Das sollte genügen, um klarzustellen, dass Jesus nicht das liebe Jesulein war, sondern ein waschechter Apokalyptiker, dem das Ende der Welt nicht schnell genug kommen konnte! Wie beten Christen weltweit Tag für Tag im Vaterunser? „Dein Reich komme!“ Kann man nur froh sein, dass DIESES Reich 2000 Jahre ausgeblieben ist…

*** Nebenbei bemerkt entwickelte er im Gefängnis mit seiner Suche nach einem „religionslosen Christentum“ die Anfänge der „Gott-ist-tot-Theologie„, der einzigen Theologie, die einerseits aus Auschwitz und dem Wüten der Nazis die Konsequenz zog und andererseits die Gottlosigkeit der Welt anerkannte. Aber vielleicht wäre eine „Gott ist tot Philosophie“ der bessere Ansatz gewesen.

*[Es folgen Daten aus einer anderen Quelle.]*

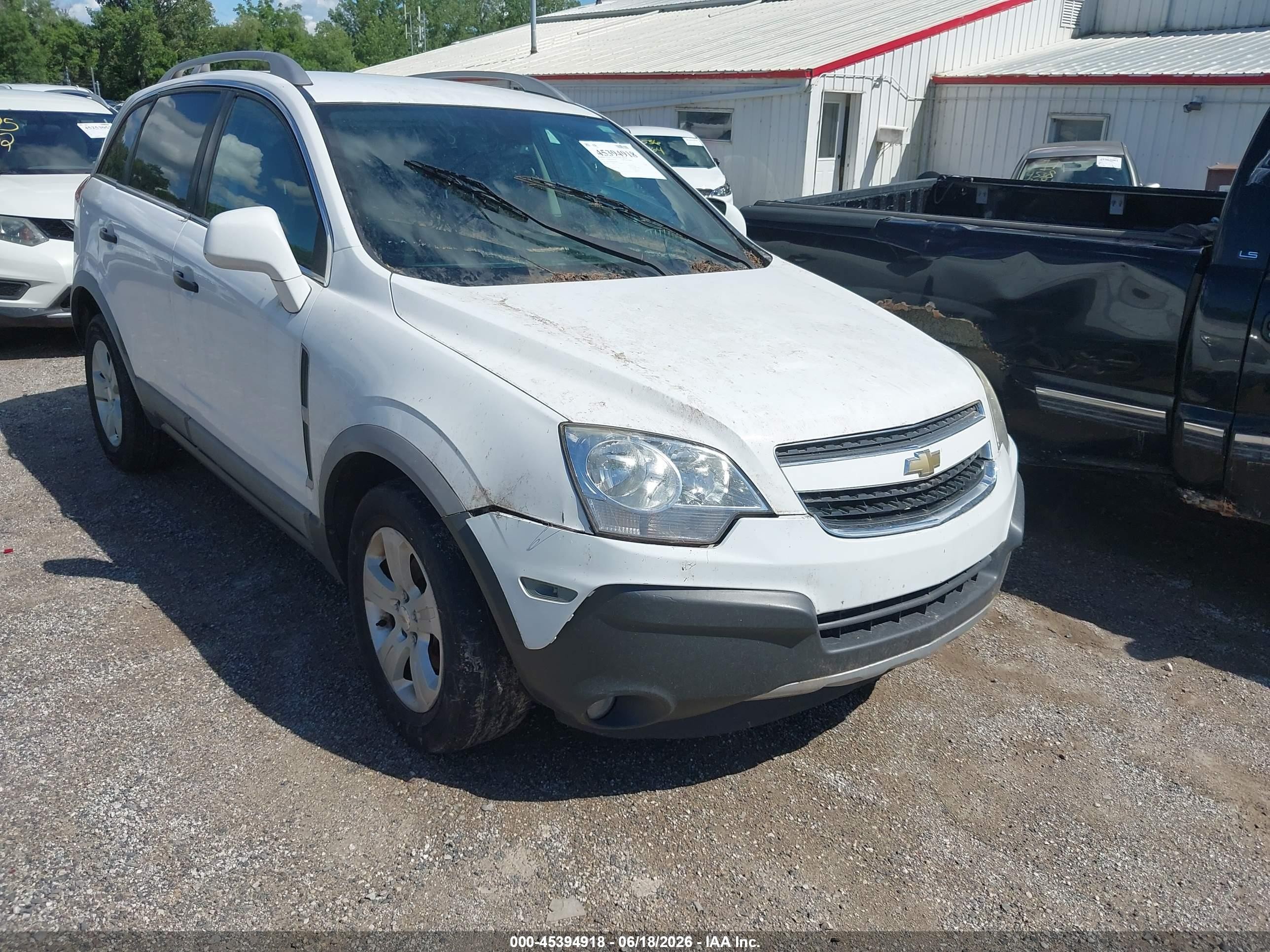 2014 Chevrolet Captiva Sport 2ls White vin: 3GNAL2EKXES622842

2 Kommentare zu “Kanzelmärchen #3

  1. Adi Markl sagt:

    Respekt! Diese(n) Artikel (und nicht nur die) werd ich mir merken, gut auf den Punkt gebracht. Allerdings wäre eine alternativ knappere und knackigere Form der Kritik dieses (gedachten) Gegensatzes zwischen Glauben und der Abwehr dessen gut vorstellbar … ich denk mal drüber nach, kommt ja leider immer wieder immer wieder aufs Tapet …

    LG, Adi

  2. CCQ sagt:

    Ja, dieses „Jeder glaubt“ kenne ich auch. Du glaubst nicht an Gott? Also glaubst du auch, du glaubst nämlich, dass Gott nicht existiert. Das ist natürlich blödsinn. Wenn ich keine Briefmarken sammle, wäre nach dieser Logik mein Hobby das „Nicht-Briefmarken-Sammeln“.
    Ausserdem würde ich dann noch viel mehr glauben und zwar an die Nicht-Existenz von Einhörner, Drachen und Feen.